D. Bidiagonalization
The number of operations required to compute bidiagonalization using Givens rotations is approximately twice the complexity of QR decomposion of an equally sized matrix. The total complexity of the bidiagonalization stage is O(16Gn 3 ). The amount of data in is G(n 2 + n)/2. The amount of data out is equal to one diagonal and one super diagonal for each scan-grid location, or G(2n − 1).
E. Diagonalization
According to [6] , the complexity of diagonalization is O(54n) per iteration, assuming single precision, and approximately 12 operations per square-root (Intel processors generate 2 bits of precision each clock cycle for square root calculations [10] ). For a scan-grid with G scan locations, and assuming a conservative 20 interations, the total complexity is O(1000Gn). The amount of data in is G2n − 1. The amount of data out is Gn.
F. Totals
In the current implementation of SART, sixteen receive elements are used, and 103 sub-carrier tones are transmitted. The signal matrix therefore has dimensions m-by-n equals 103-by-16. A moderately sized scan-grid, perhaps for a small building, consists of G = 10, 000 points. The number of samples collected for each receive element is N = 8192. Using these figures, the operation and data counts from above can be calculated. Table I summarizes these values. 
G. Partitioning Decisions
The SART algorithm was partitioned such that a portion of the associated computations are conducted using custom coprocessor hardware, while the remaining portion are conducted in software on the host PC. Three factors were considered when choosing the partition boundaries:
• the number of computations associated with each processing stage • the amount of data flowing in and out of each stage • the suitability to parallel implementation of each stage Using the results from the previous section, it was clear that the QR decomposition and bidiagonalization stages represent the bulk of the SART computational burden, and were therefore the prime targets for custom hardware implementation. The rephasing stage, though not computationally intensive, produces many rephased signal matrices for each input signal matrix. In order to reduce the amount of data transfered from the host to the co-processor system, the rephasing stage was also selected for hardware implementation.

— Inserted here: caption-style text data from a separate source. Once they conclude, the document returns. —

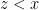 z < x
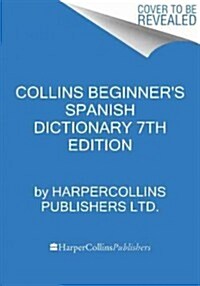 Collins Beginners Spanish Dictionary, 7th Edition (Paperback, 7)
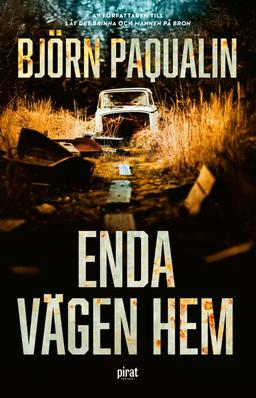 Enda vägen hem Inbunden Roman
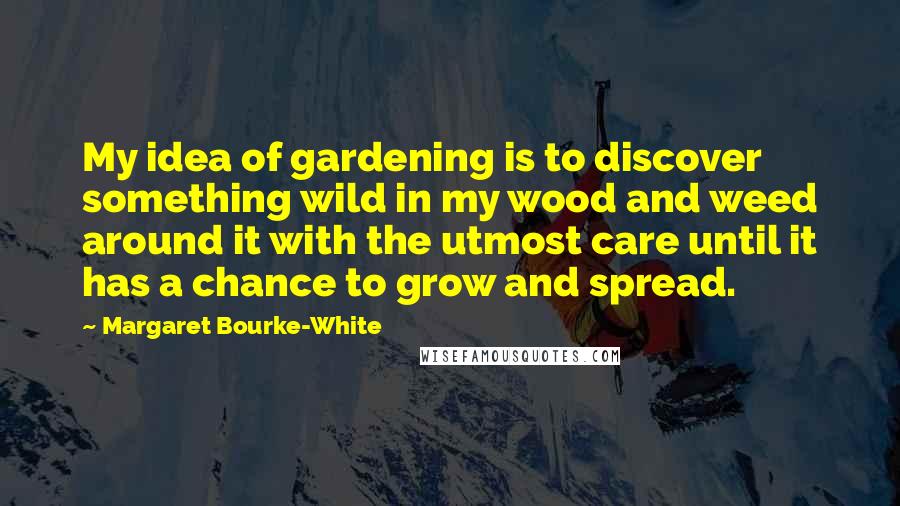 Margaret Bourke-White Quotes: My idea of gardening is to discover something wild in my wood and weed around it with the utmost care until it has a chance to grow and spread.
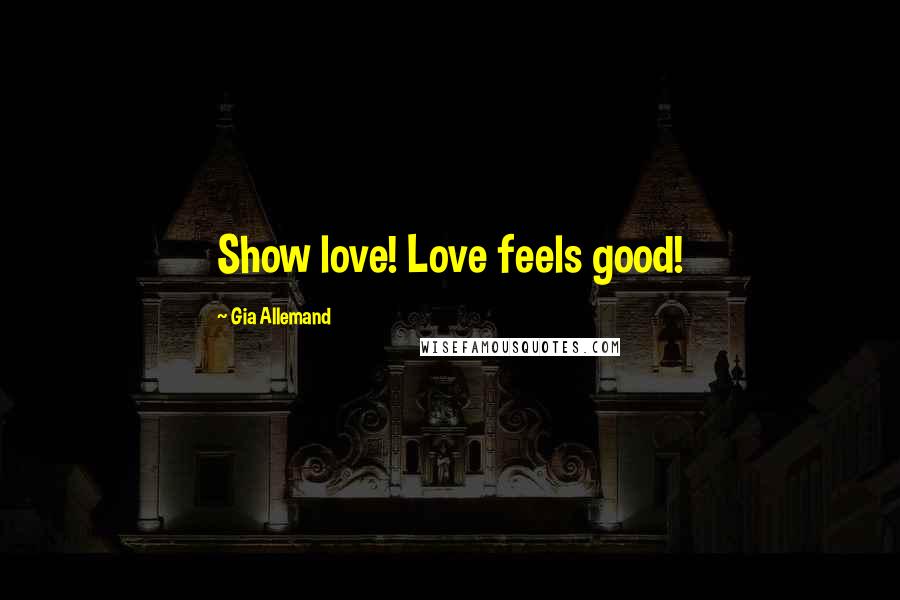 Gia Allemand Quotes: Show love! Love feels good!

The remaining portions of the SART algorithm were assigned to the host PC, but could be assigned to a general purpose DSP type processor for a more compact implementation. The FFT stage was assigned to the host in order to allow for manipulation of the frequency domain signal data before SART processing. This allows for various calibration and synchronization corrections to be applied by the host. The diagonalization stage was assigned to the host PC because it involves algorithms that are both sequential and iterative, and therefore better suited to a sequential processor.
Using this partitioning, the number of operations assigned to the host PC was reduced by more than 95%. This corresponds to a potential speed-up of more than 20, without modifications to the host. The following section describes the architecture of the co-processor.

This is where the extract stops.